The first DVB Common Interface (DVB-CI) specification was created in 1997. It describes the interface between a Conditional Access Module (CAM) and the host, which is typically a TV set. All the conditional access functionality is provided by the CAM module whereas the host provides the necessary tuning functionally and presents audio and video. In the first DVB-CI version the content was transferred in the clear between the module and the host. This security loophole was resolved with the introduction of CI Plus in 2007. Being mandated by a European Directive, CI Plus slots are present in basically all TV sets sold in Europe.
DVB will continue to work on new versions of the CI Plus specification. In addition to new features and functionality, the current PCMCIA base physical form factor will be replaced by a more compact interface solution (CI Plus 2.0).

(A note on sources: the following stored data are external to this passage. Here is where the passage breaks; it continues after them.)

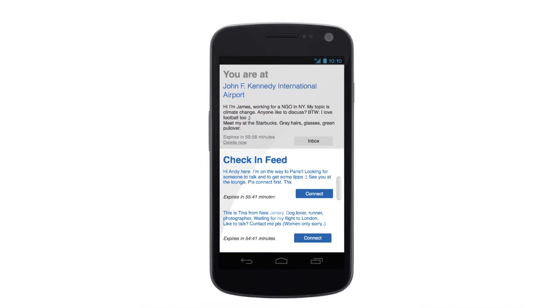Here at the bottom are all the other check-ins made at the John F. Kennedy International Airport. We have Andy, who is on the way to Paris and is looking for someone to talk to and get some tips, or we have Tina from New Jersey, and so on.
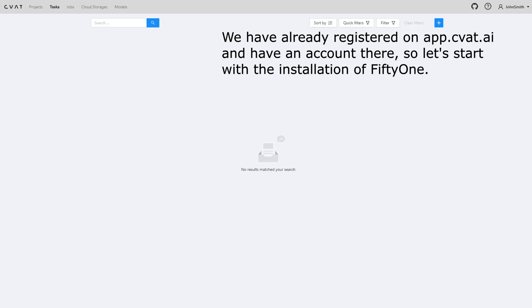CVAT AI is one of the most popular open-source image and video annotation tools available, and we've made it easy to upload your data directly from FiftyOne to CVAT AI to add or edit labels.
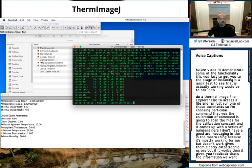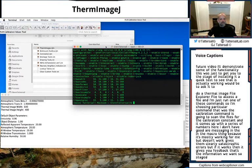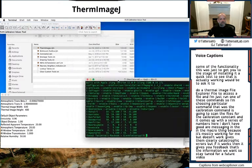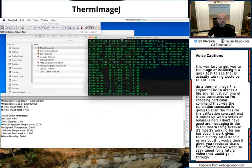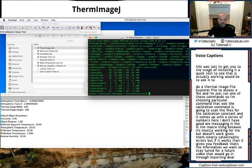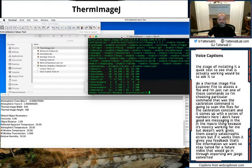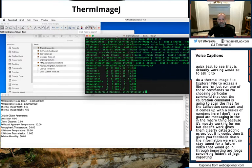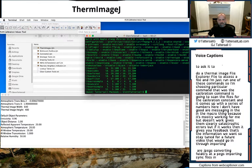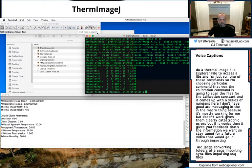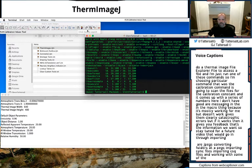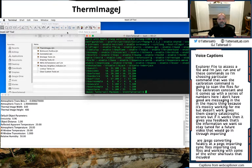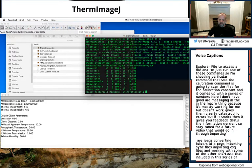So stay tuned for a future video. We'll go in through importing FLIR JPEGs, converting folders of JPEGs, importing Seek files, importing CSQ files, and working with some of the other shortcuts that I've included in this series of macros. Thank you for listening.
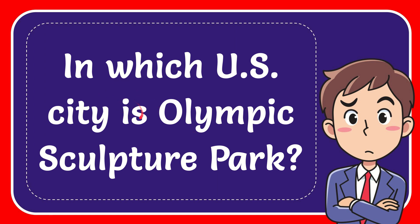In this video I'm going to give you the answer to this question: In which U.S. city is Olympic Sculpture Park?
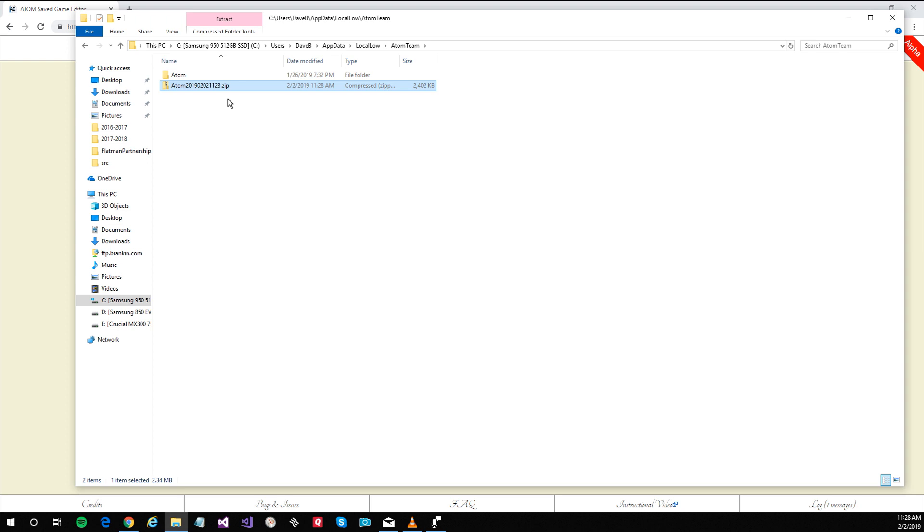To restore your files simply copy them back from the zip or from your copied location. Have a good time, that's it.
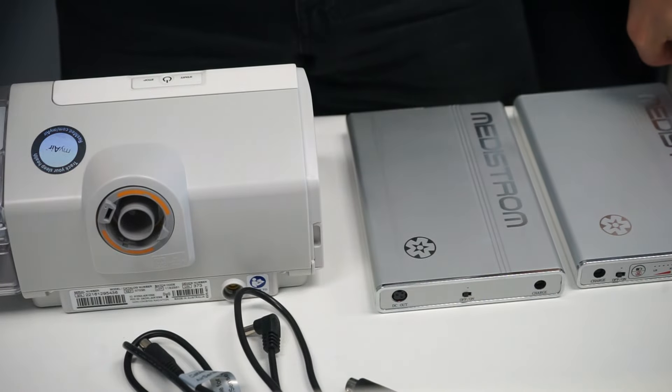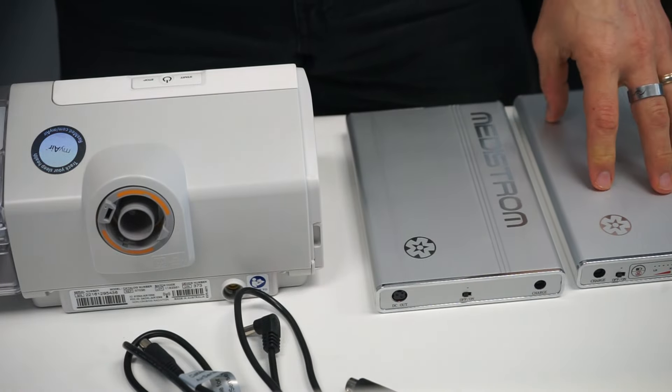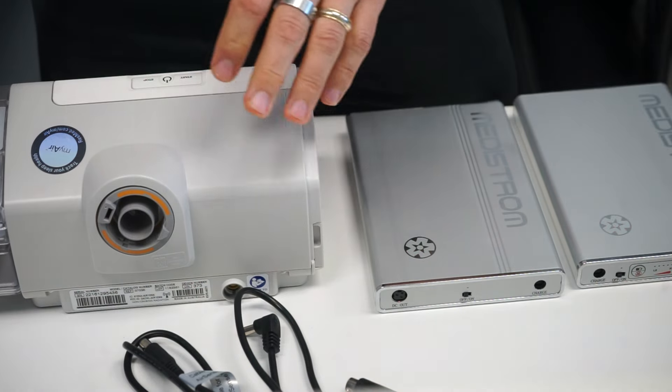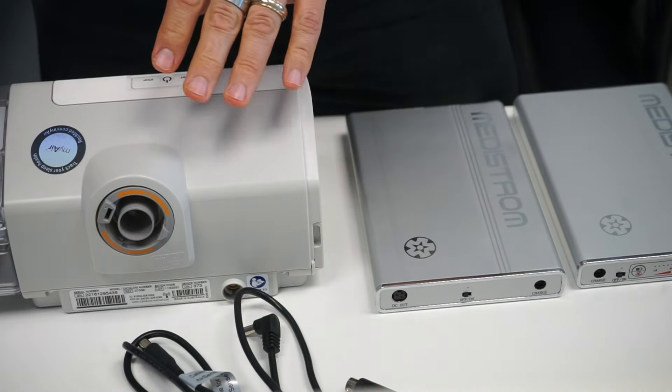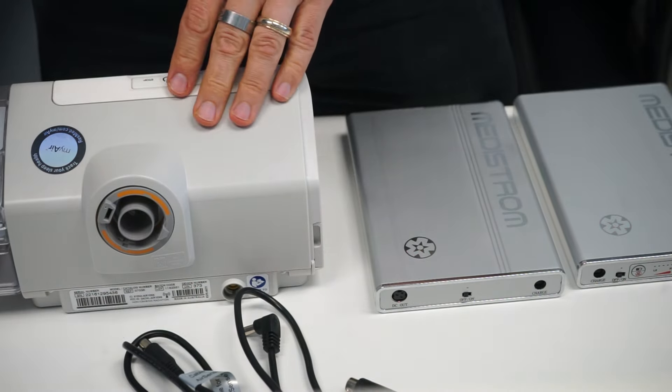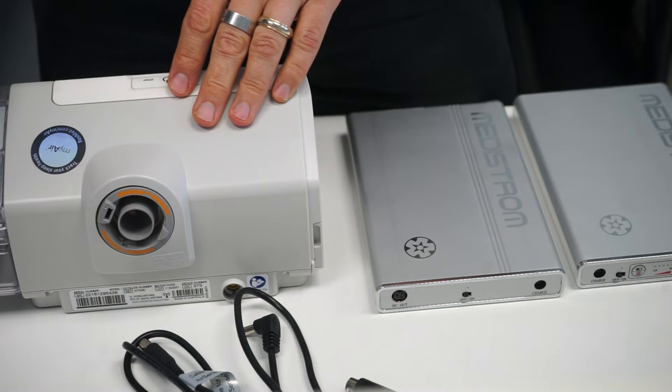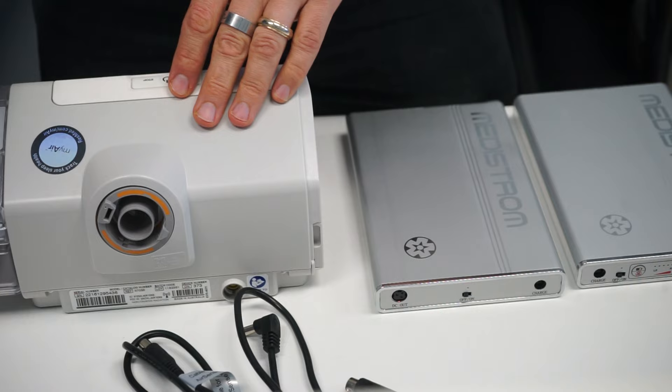Today we're going to quickly cover the Pilot 24, the Co-Pilot 24, and how they will power the ResMed AirSense 10 series as a CPAP, an APAP, or a BiPAP.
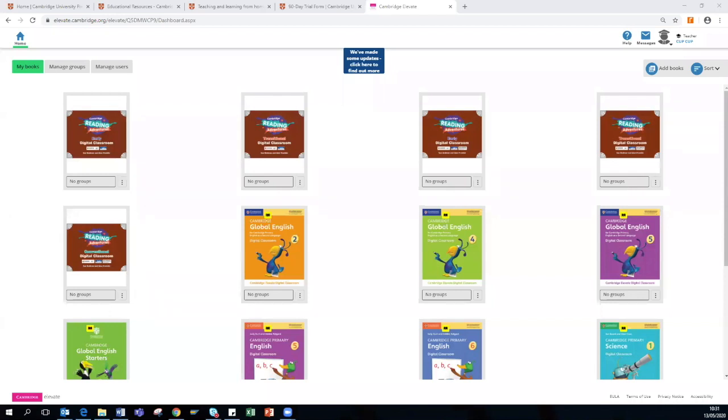Today I will be presenting an online walkthrough demonstration on Elevate, showing the features of our digital classroom resources for Reading Adventures, Global English Starters, Global English, and Primary Science.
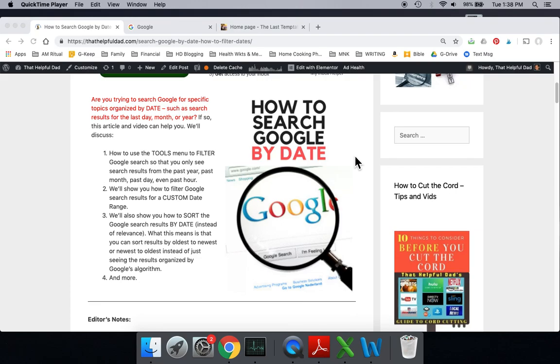Hello friends, this is Mike, That Helpful Dad, coming to you with another practical solutions video. In this case, we're going to show you how to sort and filter your results on Google searches by date.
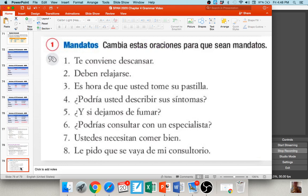Finally, a little more practice: 'te conviene descansar' — it works for you to relax. Turn this into a command: tú form — 'descansa'; usted — 'descanse'; ustedes — 'descansen'; nosotros — 'descansemos.' Number two: 'relajarse' — relax. Telling one person to relax, we attach the pronoun to the end; 'se' becomes 'te' in the tú form, so 'relájate.' I hope you guys have a wonderful week. If you have questions about any of these things, I'm always just an email away. Take care!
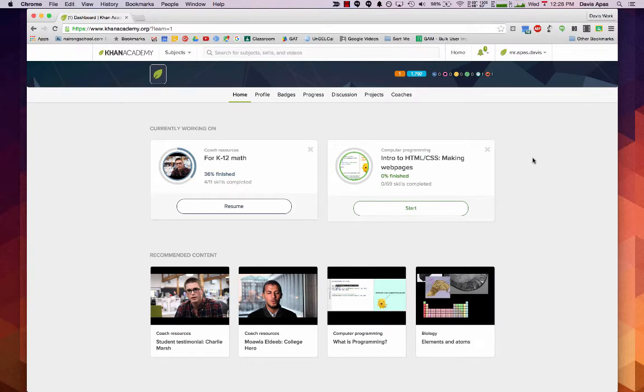Once you're logged in, you will be presented with something that looks like this. The next thing you'll need to do is to add your teacher as your coach.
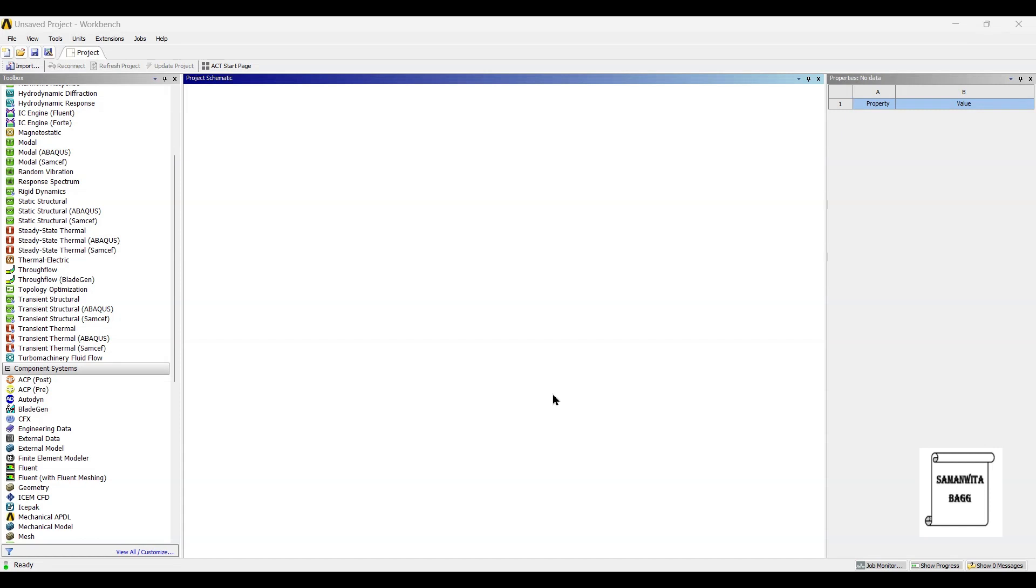Hello everyone, welcome to the next session on ANSYS Workbench Tutorials. In this session, we are going to analyze the piston head for structural and thermal analysis combined together.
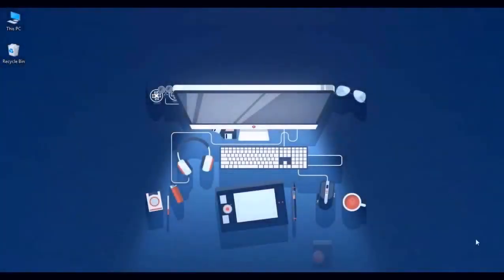Hey, what's up guys? This video is going to show you how to get Sony Vegas Pro 15 for free. So without further ado, let's begin.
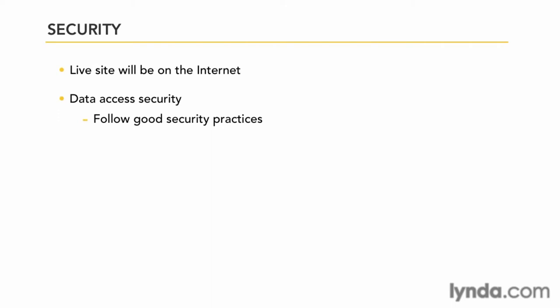Take the time to have a database security conversation with your host as well. Make sure your host understands the security concerns of an e-commerce site. If you feel uneasy about the answers or information that you're getting from your host, now is a good time to change hosts.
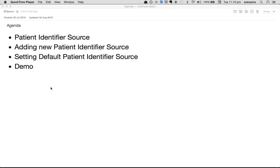In this video I'm going to talk about patient identifier sources in BAMNI, how to add a new patient identifier source, and how to set a default value of an identifier source. Let's first see what a patient identifier source is in BAMNI.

DVB-CI Plus 1.4 adds new features such as extensions to the CI Plus browser and the handling of multiple encrypted streams (multi stream). Other new features include the ability to route high-bandwidth IP streams through the Conditional Access Module (CAM), the ability for the CAM to control those IP streams, the new “Online Service Descriptor Table”(OSDT), and support for IP Multicast. These new features enable IPTV straight to the television set without the need for a set-top box.
DVB-CI-Plus 2.0 was published as a DVB BlueBook in 2015/2016 and can be found on the page with the full list of DVB standards.